At the base camp we are again without an idea, with little hope but at least many days still available. We start to timidly think again about the right route even though we don’t know how to deal with it. There haven’t been any falls of rocks lately but the idea of being in that place does not attract us that much, we let a little time go by to clear our minds or go home. But we don’t want to leave things halfway. We arrived here for a specific reason, we decide to go for it but we should be much faster, the big advantage is that we already know the route.
We wake up at midnight on September 15th from the advanced camp and begin to climb the base wall towards the beginning of the route, it is not cold and there is a full moon. We climb the first pitches in the dark, we know which cracks to follow and we gain altitude even though climbing is disturbed by the debris of the landslide from few weeks before. We proceed quickly and in the early afternoon we arrive at the crossroads where we took the wrong route last time.
After some difficult movements we continue on the long dihedral where the quality of the rock begins to drop drastically anticipating the worst part, the black schist.

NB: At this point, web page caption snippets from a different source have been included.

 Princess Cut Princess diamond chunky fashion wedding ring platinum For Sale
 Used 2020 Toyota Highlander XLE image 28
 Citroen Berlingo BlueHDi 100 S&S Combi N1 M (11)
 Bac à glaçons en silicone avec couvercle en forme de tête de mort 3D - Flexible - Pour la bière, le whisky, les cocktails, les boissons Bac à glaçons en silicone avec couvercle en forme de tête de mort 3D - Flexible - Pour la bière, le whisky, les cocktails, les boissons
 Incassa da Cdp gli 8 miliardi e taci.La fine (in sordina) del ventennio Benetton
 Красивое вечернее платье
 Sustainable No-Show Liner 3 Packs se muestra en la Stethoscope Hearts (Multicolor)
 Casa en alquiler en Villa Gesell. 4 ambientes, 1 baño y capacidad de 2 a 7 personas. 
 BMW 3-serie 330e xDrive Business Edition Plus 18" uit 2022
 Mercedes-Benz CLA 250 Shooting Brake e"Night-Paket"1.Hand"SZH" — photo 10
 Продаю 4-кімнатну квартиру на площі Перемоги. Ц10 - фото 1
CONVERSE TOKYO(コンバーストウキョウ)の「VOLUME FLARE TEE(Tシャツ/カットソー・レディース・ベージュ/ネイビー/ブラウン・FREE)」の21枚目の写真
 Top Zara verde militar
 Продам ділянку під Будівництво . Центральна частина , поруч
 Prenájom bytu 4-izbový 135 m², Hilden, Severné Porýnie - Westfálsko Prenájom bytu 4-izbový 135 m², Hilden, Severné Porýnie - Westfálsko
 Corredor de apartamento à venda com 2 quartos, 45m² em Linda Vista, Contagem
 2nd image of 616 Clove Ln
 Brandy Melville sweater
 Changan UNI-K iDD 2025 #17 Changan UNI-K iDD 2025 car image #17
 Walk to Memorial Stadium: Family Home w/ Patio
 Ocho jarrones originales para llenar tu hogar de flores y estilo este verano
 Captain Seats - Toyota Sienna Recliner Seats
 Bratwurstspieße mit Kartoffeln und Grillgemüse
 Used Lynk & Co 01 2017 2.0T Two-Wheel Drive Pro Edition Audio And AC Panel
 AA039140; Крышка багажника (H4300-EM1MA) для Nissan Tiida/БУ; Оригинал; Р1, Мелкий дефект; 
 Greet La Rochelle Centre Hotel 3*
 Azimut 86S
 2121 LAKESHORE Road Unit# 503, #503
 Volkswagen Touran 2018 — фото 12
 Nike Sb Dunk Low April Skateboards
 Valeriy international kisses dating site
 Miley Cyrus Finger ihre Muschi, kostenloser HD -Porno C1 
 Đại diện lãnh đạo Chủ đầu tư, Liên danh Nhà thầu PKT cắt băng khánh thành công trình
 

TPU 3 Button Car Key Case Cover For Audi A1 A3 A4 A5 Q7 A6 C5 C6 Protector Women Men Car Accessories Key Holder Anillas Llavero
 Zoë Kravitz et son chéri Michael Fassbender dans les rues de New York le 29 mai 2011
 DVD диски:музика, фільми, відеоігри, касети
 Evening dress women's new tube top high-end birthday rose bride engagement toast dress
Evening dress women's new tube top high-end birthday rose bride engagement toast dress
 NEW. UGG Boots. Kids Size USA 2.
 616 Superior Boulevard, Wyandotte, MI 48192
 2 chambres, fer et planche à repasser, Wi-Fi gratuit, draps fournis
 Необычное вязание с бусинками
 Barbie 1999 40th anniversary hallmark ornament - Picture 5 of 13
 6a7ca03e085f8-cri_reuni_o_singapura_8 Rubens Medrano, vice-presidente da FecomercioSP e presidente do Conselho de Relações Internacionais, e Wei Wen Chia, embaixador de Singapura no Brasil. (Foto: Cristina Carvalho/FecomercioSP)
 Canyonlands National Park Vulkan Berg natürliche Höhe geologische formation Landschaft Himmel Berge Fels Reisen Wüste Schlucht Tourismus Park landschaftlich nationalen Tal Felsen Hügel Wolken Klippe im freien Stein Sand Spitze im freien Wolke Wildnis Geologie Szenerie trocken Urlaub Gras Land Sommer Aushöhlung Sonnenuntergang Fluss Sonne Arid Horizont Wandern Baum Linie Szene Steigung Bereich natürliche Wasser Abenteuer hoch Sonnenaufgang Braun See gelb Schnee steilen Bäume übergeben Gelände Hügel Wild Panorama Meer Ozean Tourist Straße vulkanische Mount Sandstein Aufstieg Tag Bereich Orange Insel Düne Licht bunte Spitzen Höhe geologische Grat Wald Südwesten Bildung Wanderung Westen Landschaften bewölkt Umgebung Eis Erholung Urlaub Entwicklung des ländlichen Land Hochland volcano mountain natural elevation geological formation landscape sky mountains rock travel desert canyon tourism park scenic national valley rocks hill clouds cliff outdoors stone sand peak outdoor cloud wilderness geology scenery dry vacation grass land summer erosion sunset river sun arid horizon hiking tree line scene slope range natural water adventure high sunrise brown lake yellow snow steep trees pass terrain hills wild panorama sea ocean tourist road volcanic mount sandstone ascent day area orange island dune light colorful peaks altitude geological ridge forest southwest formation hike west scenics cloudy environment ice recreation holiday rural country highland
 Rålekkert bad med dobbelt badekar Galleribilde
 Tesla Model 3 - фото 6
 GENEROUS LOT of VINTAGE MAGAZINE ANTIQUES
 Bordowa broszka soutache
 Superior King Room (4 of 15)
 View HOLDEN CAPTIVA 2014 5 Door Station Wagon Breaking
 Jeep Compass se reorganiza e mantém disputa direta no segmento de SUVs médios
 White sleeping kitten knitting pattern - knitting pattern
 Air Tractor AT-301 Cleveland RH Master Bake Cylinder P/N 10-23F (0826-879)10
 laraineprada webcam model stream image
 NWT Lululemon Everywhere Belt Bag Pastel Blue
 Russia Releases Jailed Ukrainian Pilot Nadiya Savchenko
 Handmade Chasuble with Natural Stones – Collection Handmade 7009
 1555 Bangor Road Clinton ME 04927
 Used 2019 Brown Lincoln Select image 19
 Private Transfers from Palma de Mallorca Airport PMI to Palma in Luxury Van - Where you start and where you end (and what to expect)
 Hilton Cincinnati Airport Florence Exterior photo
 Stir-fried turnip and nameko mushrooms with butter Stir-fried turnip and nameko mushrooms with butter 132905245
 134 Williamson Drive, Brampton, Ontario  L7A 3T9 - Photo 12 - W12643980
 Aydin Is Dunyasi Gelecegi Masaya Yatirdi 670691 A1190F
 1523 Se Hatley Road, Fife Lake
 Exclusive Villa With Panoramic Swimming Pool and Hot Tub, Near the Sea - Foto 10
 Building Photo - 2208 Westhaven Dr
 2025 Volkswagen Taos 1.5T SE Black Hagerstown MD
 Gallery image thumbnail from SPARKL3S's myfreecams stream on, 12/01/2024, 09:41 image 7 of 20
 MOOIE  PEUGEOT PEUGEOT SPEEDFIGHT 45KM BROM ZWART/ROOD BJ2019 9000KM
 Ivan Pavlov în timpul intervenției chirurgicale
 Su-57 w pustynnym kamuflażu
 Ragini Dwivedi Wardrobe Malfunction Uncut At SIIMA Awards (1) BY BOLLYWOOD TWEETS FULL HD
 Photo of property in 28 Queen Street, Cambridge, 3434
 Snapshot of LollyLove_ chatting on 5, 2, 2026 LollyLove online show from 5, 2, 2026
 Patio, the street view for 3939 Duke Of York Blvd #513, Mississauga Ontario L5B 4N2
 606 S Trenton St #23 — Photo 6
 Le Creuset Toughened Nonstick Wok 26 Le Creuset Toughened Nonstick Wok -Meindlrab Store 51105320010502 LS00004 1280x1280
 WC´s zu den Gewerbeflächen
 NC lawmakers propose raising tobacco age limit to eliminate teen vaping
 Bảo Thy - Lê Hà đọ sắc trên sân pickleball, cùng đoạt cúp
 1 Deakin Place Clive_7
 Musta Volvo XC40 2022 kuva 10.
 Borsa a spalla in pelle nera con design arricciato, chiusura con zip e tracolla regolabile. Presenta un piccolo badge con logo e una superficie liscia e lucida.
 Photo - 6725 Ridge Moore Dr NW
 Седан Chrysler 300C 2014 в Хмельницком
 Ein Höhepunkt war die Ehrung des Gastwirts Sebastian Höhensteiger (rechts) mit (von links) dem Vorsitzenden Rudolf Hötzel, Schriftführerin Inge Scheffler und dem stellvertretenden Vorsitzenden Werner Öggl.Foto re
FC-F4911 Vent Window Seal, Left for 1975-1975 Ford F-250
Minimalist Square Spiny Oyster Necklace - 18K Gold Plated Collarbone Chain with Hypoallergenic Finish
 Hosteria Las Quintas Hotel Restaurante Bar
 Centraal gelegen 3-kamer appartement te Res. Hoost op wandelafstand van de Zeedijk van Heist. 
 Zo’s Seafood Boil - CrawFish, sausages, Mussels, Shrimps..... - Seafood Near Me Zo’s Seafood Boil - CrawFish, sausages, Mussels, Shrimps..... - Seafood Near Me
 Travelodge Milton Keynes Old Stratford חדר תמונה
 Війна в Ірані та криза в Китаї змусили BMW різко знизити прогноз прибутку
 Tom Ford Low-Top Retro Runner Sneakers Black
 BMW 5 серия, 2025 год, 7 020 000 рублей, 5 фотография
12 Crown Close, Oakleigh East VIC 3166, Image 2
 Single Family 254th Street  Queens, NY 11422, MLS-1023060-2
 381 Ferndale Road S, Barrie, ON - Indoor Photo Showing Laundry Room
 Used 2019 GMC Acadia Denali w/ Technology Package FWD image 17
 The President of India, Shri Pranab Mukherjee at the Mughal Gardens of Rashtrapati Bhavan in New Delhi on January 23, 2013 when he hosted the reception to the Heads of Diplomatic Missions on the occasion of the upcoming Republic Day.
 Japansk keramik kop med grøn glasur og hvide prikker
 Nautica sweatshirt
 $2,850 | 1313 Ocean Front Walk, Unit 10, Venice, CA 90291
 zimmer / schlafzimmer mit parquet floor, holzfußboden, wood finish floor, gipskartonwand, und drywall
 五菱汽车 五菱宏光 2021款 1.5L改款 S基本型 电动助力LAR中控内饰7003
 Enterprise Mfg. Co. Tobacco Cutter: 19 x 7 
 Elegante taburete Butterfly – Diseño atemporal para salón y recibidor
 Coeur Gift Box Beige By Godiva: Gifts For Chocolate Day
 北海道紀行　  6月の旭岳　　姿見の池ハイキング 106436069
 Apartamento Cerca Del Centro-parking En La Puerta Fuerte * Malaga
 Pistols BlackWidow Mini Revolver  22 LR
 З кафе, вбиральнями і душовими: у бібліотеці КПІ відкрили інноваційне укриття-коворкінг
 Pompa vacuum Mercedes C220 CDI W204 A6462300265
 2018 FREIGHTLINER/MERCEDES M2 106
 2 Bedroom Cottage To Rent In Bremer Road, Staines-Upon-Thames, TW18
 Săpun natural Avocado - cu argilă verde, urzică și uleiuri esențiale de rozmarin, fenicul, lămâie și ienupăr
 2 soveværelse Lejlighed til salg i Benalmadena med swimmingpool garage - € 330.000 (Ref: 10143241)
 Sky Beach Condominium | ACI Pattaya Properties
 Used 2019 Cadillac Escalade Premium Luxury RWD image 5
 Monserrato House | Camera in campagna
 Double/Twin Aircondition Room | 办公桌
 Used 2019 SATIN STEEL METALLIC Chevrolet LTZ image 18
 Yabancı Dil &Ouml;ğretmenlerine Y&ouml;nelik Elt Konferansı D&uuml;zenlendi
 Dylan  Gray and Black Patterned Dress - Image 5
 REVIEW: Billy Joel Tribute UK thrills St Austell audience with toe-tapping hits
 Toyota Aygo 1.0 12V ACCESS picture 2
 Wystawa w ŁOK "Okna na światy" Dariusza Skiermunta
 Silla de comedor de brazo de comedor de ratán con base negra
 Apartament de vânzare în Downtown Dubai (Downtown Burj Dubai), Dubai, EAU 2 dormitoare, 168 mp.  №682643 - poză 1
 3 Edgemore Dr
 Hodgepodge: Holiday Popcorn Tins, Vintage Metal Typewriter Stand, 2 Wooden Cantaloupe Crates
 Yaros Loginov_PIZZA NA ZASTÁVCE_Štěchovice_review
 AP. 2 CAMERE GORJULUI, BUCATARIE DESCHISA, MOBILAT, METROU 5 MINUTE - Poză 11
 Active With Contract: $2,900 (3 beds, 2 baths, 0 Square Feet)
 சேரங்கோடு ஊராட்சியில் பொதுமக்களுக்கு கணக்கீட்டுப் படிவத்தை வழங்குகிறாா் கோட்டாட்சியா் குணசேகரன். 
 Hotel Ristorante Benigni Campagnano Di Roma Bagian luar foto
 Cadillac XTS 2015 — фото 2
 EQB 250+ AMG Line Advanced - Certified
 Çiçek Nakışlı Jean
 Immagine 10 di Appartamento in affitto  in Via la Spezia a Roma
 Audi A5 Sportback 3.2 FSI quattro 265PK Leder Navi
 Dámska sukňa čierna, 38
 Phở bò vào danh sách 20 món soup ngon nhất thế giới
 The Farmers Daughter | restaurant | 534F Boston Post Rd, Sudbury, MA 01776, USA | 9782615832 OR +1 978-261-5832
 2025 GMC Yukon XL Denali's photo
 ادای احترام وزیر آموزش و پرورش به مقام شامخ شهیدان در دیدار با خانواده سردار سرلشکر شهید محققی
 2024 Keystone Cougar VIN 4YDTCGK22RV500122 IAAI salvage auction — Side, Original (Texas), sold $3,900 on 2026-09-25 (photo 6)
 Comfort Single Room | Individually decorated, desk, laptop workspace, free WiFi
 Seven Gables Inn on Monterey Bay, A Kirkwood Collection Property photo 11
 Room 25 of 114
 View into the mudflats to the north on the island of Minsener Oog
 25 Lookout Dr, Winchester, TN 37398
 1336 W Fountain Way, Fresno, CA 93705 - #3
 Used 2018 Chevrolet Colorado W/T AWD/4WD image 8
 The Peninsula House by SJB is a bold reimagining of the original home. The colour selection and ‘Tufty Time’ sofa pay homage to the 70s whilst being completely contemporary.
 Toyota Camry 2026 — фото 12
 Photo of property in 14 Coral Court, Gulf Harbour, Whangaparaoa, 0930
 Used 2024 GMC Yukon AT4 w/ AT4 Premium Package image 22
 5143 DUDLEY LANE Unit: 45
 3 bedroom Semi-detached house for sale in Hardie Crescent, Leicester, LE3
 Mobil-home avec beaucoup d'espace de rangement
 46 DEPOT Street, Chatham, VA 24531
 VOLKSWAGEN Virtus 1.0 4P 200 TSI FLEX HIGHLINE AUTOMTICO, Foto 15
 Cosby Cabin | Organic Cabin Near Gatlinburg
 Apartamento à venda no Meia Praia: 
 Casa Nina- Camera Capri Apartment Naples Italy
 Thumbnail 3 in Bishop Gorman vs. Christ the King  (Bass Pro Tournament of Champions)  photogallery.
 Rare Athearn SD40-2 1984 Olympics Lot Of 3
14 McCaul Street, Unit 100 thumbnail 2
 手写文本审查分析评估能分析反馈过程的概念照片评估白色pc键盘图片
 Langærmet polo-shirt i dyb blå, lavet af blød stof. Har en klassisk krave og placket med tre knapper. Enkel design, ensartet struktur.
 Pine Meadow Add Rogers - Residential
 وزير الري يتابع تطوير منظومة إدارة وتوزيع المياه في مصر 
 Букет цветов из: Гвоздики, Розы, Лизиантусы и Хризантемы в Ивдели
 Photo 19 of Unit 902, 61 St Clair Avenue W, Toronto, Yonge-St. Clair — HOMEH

It is night and we don’t know where to camp. The summit ridge is above us so we decide to continue and reach it. At 11 pm we are all standing on top, it’s dark and unfortunately we can’t see much around us, only the profiles of the highest mountains illuminated by the moon. On the west side there’s a 800 meter high rock wall while on the opposite side there seems to be only a small rock jump and then a long slope down to the valley, we go down that way and find a place to camp. The next day we walk towards the base camp, we pack our things and move under another mountain.
Two days later we are at the base of Shivling, perhaps the most beautiful mountain in the area, with a particular characteristic: it has two perfectly symmetrical peaks. The route we want to climb is the easiest of the mountain, the west ridge. It starts from at 5000 m with a white compact granite edge, with increasing difficulties and then suddenly stop against a huge 6000 m suspended serac. From there you can climb either one or the other peak without great difficulty. We are well acclimatized but we have only a few days left, we are afraid that the perfect weather that lasted throughout September will soon start to change. We climb the rock edge and reach the serac in the afternoon.
We set our tent there to spend the night but the sounds of rocks falling down wake us up, we know we are safe but the darkness amplifies our fear. We set off again in the morning and climb the steep ice wall in just two hours. We are in this surreal place, with the two peaks on the right and left, 500 meters higher from us. We leave the gears and continue in line until the top, luckily the sky is clear and finally we have an overview of the mountains. We climb down the icy slope and luckily we are able to go down safely from the serac. The next day we are at base camp, now that we have completed our project we can finally go back home.